I was sad, furious, and bewildered. Truth be told, my expectations of the other groups supporting the ban—White Protestant evangelicals, Mormons, and conservative Catholics—had been low to begin with. But the African-American community? Surely, like large sections of the Black South African community, they would be able to link their own oppression to mine? Surely they would remember Loving vs. Virginia, the struggle for interracial marriage, the feeling of being excluded from the restaurant, the church, the happy party at the center of the room with the dancing and the cake?

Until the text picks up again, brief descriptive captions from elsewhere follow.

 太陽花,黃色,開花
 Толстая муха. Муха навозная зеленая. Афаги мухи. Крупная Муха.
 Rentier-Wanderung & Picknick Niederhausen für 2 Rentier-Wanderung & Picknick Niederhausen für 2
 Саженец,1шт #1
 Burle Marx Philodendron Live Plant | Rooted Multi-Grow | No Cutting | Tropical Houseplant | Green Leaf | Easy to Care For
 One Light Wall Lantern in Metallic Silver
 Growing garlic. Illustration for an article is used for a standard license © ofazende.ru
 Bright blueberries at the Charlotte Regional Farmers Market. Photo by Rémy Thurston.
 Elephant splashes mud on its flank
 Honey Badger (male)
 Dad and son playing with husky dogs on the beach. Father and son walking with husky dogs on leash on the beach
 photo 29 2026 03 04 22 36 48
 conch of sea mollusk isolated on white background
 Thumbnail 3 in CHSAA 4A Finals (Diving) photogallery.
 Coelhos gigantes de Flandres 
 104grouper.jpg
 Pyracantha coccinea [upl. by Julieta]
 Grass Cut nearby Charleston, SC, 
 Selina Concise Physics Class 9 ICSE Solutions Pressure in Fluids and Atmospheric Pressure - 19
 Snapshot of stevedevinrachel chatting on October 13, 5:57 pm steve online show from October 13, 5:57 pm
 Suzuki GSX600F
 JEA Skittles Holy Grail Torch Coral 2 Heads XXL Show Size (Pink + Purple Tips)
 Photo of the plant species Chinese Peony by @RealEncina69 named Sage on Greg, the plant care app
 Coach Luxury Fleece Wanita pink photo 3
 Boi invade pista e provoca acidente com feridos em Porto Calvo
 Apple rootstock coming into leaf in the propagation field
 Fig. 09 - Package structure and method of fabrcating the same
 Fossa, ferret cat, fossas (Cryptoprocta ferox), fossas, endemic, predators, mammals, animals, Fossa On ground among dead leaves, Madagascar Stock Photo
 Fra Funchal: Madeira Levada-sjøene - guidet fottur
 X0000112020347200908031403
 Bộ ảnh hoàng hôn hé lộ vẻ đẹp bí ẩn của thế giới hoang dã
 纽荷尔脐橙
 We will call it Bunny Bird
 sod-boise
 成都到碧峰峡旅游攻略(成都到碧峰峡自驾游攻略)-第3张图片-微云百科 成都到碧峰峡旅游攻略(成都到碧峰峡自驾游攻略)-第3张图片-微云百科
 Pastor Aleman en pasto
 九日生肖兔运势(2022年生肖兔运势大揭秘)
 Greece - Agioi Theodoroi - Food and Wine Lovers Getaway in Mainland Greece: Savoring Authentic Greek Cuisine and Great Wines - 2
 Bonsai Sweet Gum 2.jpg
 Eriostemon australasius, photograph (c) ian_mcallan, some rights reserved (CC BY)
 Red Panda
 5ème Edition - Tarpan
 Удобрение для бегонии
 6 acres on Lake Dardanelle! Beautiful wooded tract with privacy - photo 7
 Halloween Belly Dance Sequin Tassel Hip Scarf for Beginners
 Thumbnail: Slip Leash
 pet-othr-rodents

Apparently not this time. As the hours rolled by, my outrage gave way to sadness. I heard stories of celebrations of the ban in historically Black churches. I read analyses of how the pro-gay campaign failed to place advertisements in minority-owned newspapers, thus fueling a perception that they did not care about the Black community. I thought of all the everyday racism I encounter at middle-class gay social events—the stereotypical remarks about gangsters selling crack to kids; the talk about the effects on real estate values when the “wrong” people move in next door.

And I realized, yet again, with considerable grief, how far we still are from fulfilling the dream of Martin Luther King that “one day this nation will rise up and live out the true meaning of its creed . . . that all men are created equal.’”

GLEN RETIEF teaches creative writing at Susquehanna University. His memoir, The Jack Bank, will be published by St. Martin’s Press.

Tags:

This post has 2 Comments

  1. Brian on November 17, 2008 at 9:36 pm

    These are well written, convicting, and at times shocking. Thank you for passing them on to us.

  2. Valorie Zimmerman on November 18, 2008 at 9:07 am

    We must do better. It is hard for people of privilege to step outside of that bubble, and see things from the point of view of everybody else. If we don’t abandon that dangerous isolation, however, we won’t achieve true equality.

    Thank you for shining some light into a dark corner of the movement.